**Assignment**. Transcribe every entry below word for word, but skip the pictures.

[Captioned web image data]
§
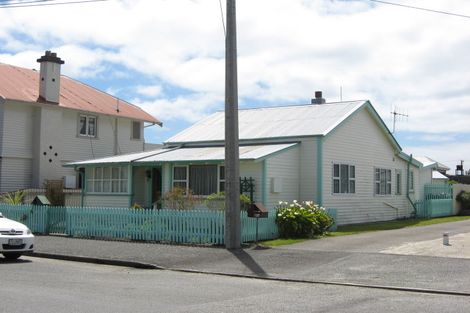 Photo of property in 63 Peel Street, Westport, 7825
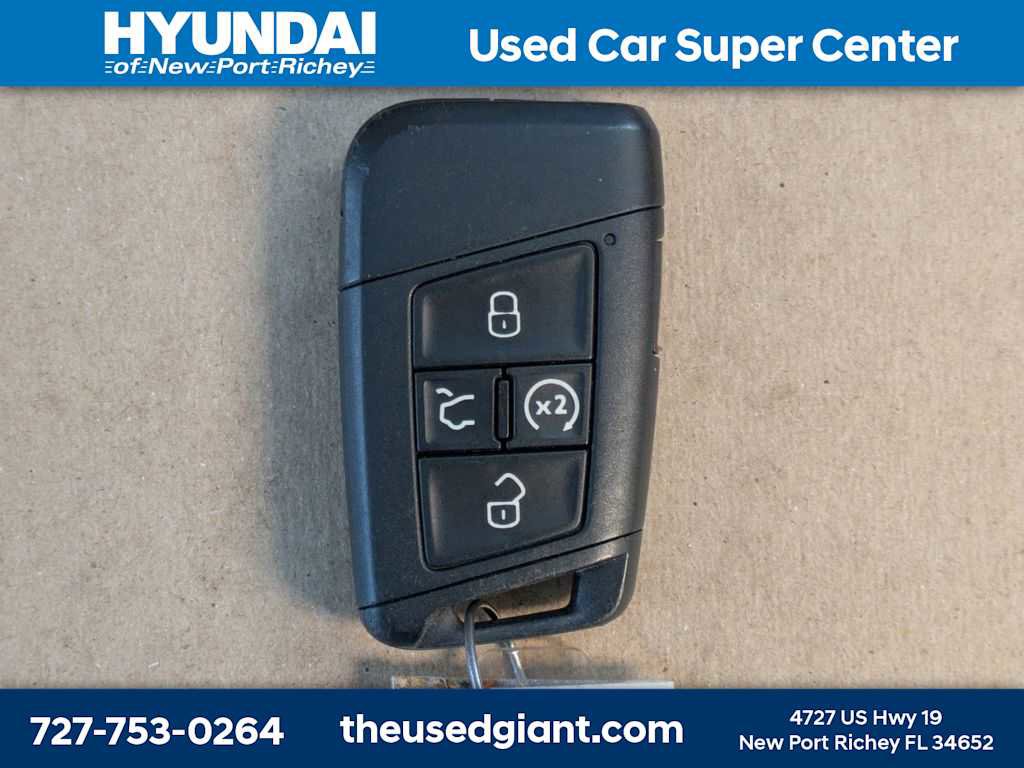 Used 2019 Volkswagen Jetta SEL w/ Cold Weather Package image 35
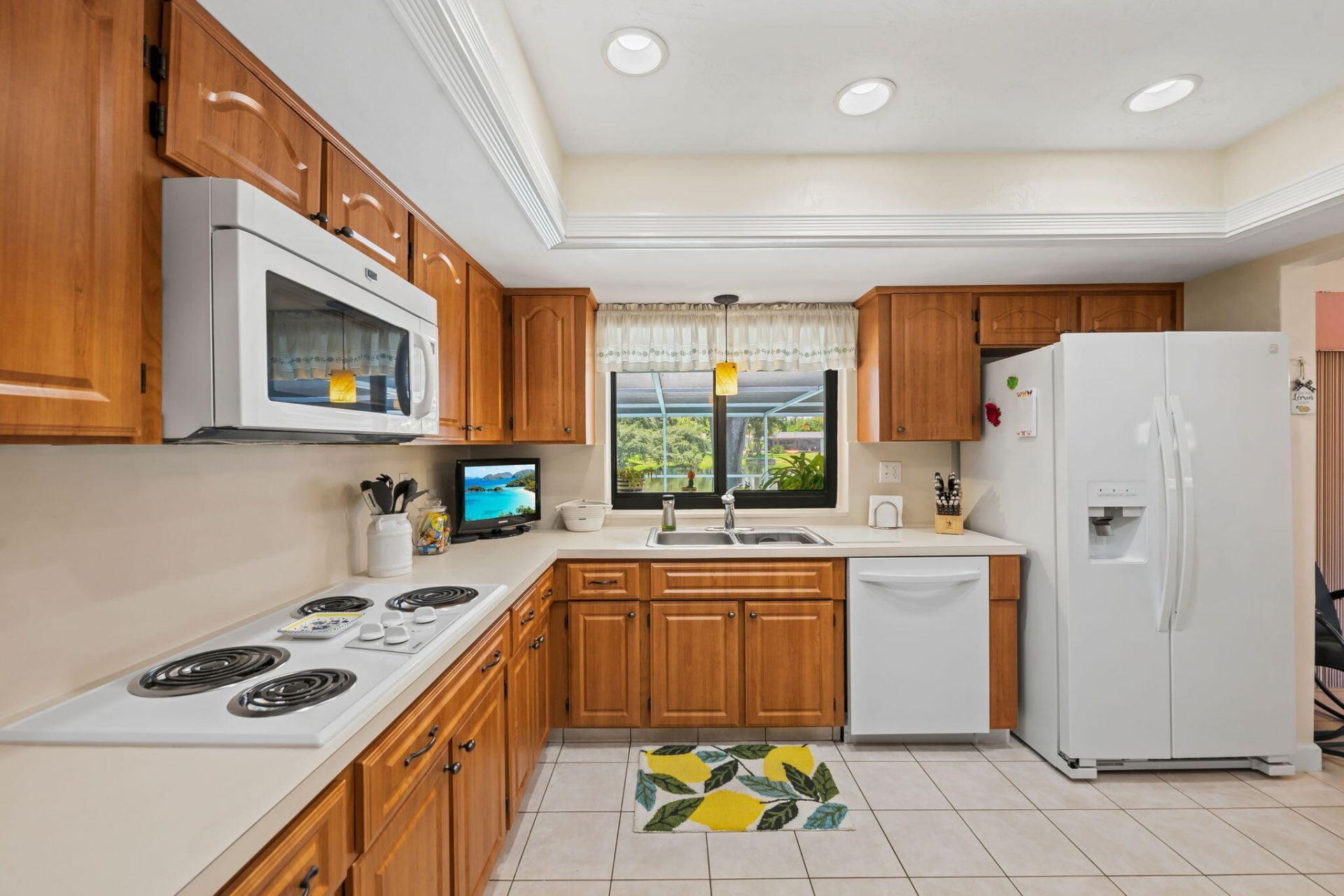 1720 NW 105th Avenue, Pembroke Pines, FL 33026 Photo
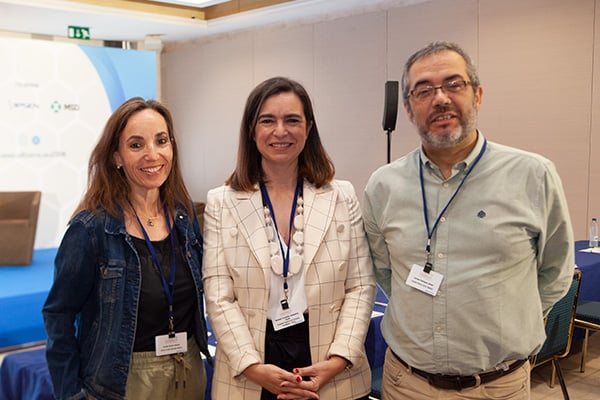 Susana Urrutia, jefa de Servicio de Farmacia Hospitalaria de la Clínica Ercilla Mutualia; Cecilia Martínez, presidenta de la SEFH; e Ismael Escobar, jefe de Servicio de Farmacia del Hospital Infanta Leonor.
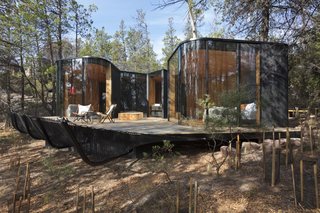 Site placement was a lengthy process as the architects searched to optimize seclusion and spectacular views. Specialists, including ecologist Mark Wapstra, were brought on board to survey the site and ensure minimal landscape impact.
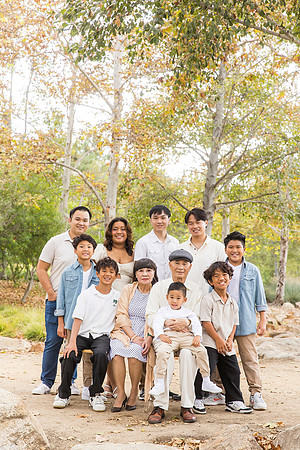 outdoor family photo in irvine by orange county wedding photographer tram bill (42)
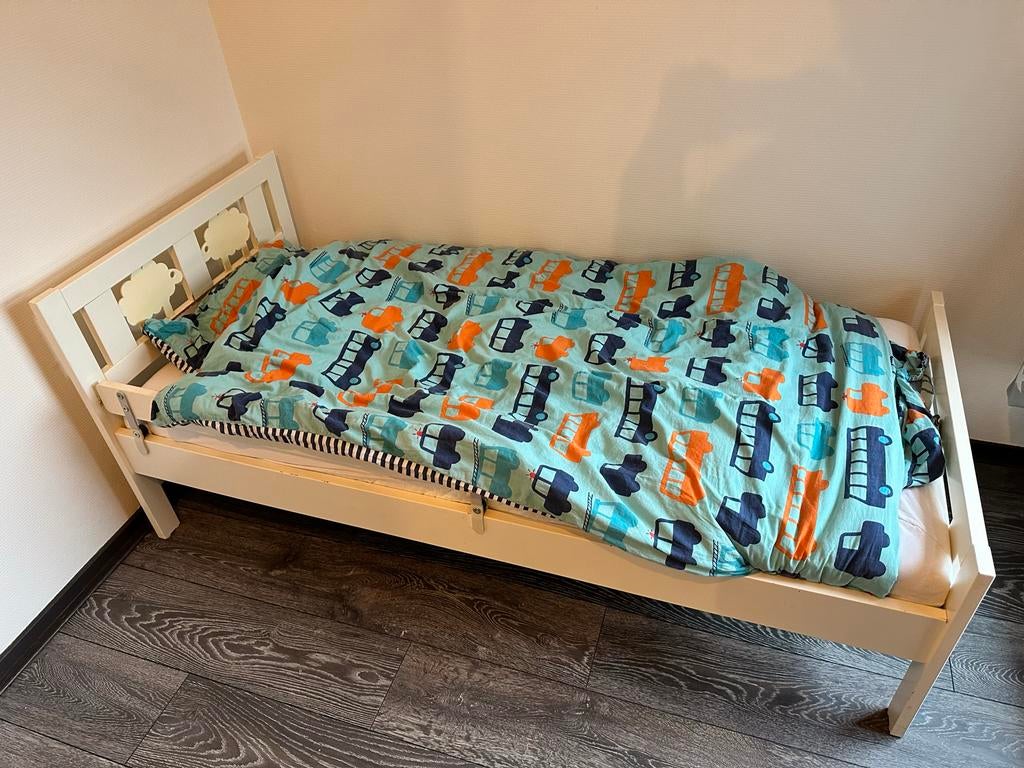 Kinderbed IKEA met lattenbodem en schapen decoratie, Ophalen, Gebruikt, 70 tot 85 cm, Lattenbodem
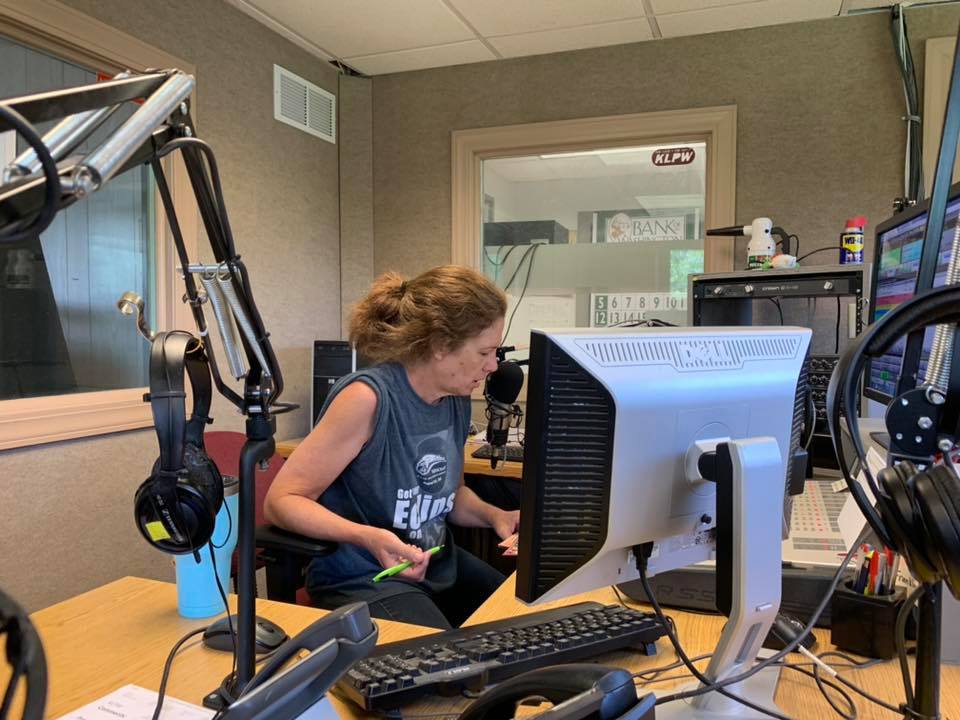 hoperanchmo's tweet photo. Thank you to KLPW and Diane Jones for letting Hope Ranch representatives Jennifer Hope, Carla Armistead, and Karen Brinkmann talk about how the Hope Ranch will help our local at-risk children and for letting us advertise for our upcoming Golf Classic at St. Albans on July 15. https://t.co/MVfkm7JPyD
§
**Task response**.
 Photo of property in 63 Peel Street, Westport, 7825
 Used 2019 Volkswagen Jetta SEL w/ Cold Weather Package image 35
 1720 NW 105th Avenue, Pembroke Pines, FL 33026 Photo
 Susana Urrutia, jefa de Servicio de Farmacia Hospitalaria de la Clínica Ercilla Mutualia; Cecilia Martínez, presidenta de la SEFH; e Ismael Escobar, jefe de Servicio de Farmacia del Hospital Infanta Leonor.
 Site placement was a lengthy process as the architects searched to optimize seclusion and spectacular views. Specialists, including ecologist Mark Wapstra, were brought on board to survey the site and ensure minimal landscape impact.
 outdoor family photo in irvine by orange county wedding photographer tram bill (42)
 Kinderbed IKEA met lattenbodem en schapen decoratie, Ophalen, Gebruikt, 70 tot 85 cm, Lattenbodem
 hoperanchmo's tweet photo. Thank you to KLPW and Diane Jones for letting Hope Ranch representatives Jennifer Hope, Carla Armistead, and Karen Brinkmann talk about how the Hope Ranch will help our local at-risk children and for letting us advertise for our upcoming Golf Classic at St. Albans on July 15. https://t.co/MVfkm7JPyD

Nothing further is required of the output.